Ned’s mood is buoyant; he is greeted warmly at the next party he comes across; is kissed by the hostess; is offered, and accepts, drinks, seeing that -
“like any explorer… the hospitable customs and traditions of the natives would have to be handled with diplomacy if he was ever to reach his destination”.But, the story which starts on a warm, promising and impressive note, takes its turns. The pools become colder, Ned's muscles become weaker, he becomes tired, the weather changes, his flowery expectations from his neighbours get failed, and he realises his truth. All in a cold, harsh way.
As the story continues, the readers (and as a matter of fact Ned himself) find small notes of uncertainty, a sense of the uncanny creeps into the text, and the reliability of Ned’s memory is called into question -
"Was his memory failing or had he so disciplined it in the repression of unpleasant facts that he had damaged his sense of the truth? "Somewhere around the halfway point, while forced to endure mockery when trying to cross a busy road as he was only in his swim trunks (“He was laughed at, jeered at, a beer can was thrown at him”), Ned realises that he is unable to turn back, and wonders -
“Why was he determined to complete this journey even if it meant putting his life in danger? At what point had this prank, this joke, this piece of horseplay become serious?”We get to hear from Mrs. Halloran some supposed facts, which Ned denies without a second thought. Stuffs like Ned has sold his house due to lack of money and that something serious had happened to his four daughters is alarming. These are further repeated by Ned's ex-lover. His male ego and sense of superiority is clearly shown when he thinks -
"If he had suffered any injuries at the Biswangers’ they would be cured here. Love—sexual roughhouse in fact—was the supreme elixir, the pain killer, the brightly colored pill that would put the spring back into his step, the joy of life in his heart."The funny part being, he is curtly refused. What follows arouses a zsense of pity in the minds of the readers for Ned. The first time in his adult life, he cries. ironically, this happens to be the least of his problems in real life.
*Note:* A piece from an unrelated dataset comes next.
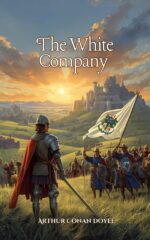 The White Company
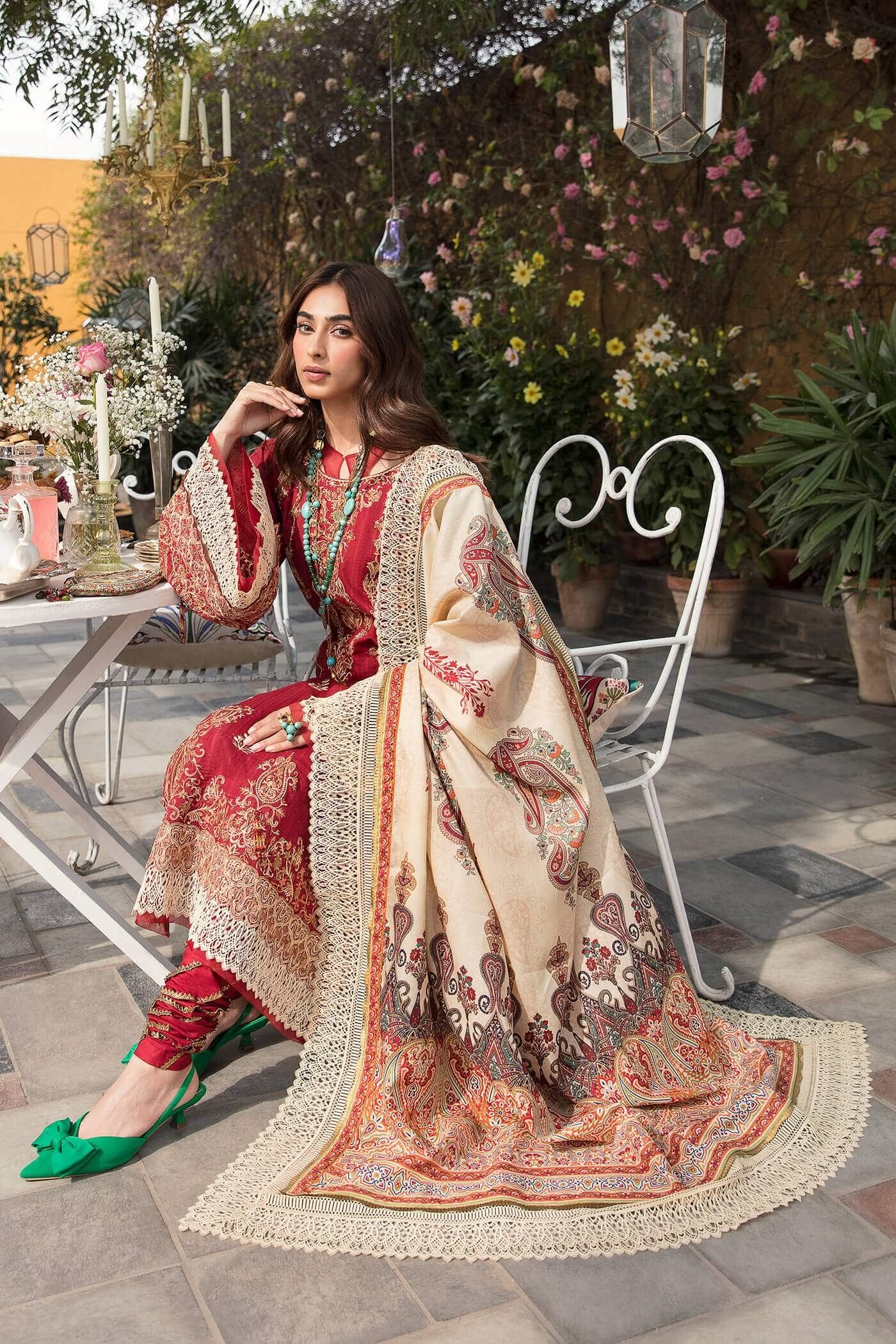 img_nilofer_shahid_lawn_23_awwal_boutique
His desperation and pretence seems to come to light.
"...but why should he seem to see Andromeda, Cepheus, and Cassiopeia? What had become of the constellations of midsummer? He began to cry."And then we realise the truth, Neddy's truth. His inability to remember significant details about his neighbors and his own self indicates that he has been dangerously unfocused with his everyday life. Depression or some other type of psychological illness could be distracting Neddy, rendering him incapable of separating his memories from the reality which surrounds him.
"He shouted, pounded on the door,tried to force it with his shoulder, and then, looking in at the windows, saw that the place was empty."By the end of the story, you realize the journey is nothing like what you thought it would be when it started, and that you’ve been reading a story about nothing less than life itself. The Swimmer stands on its own as a portrait of a disintegrating man with its aching nostalgia for a youth that has already passed, and in the surreal way its protagonist slips out of recognizable reality and into what feels like a dream. It definitely is one of my favourite stories of all time.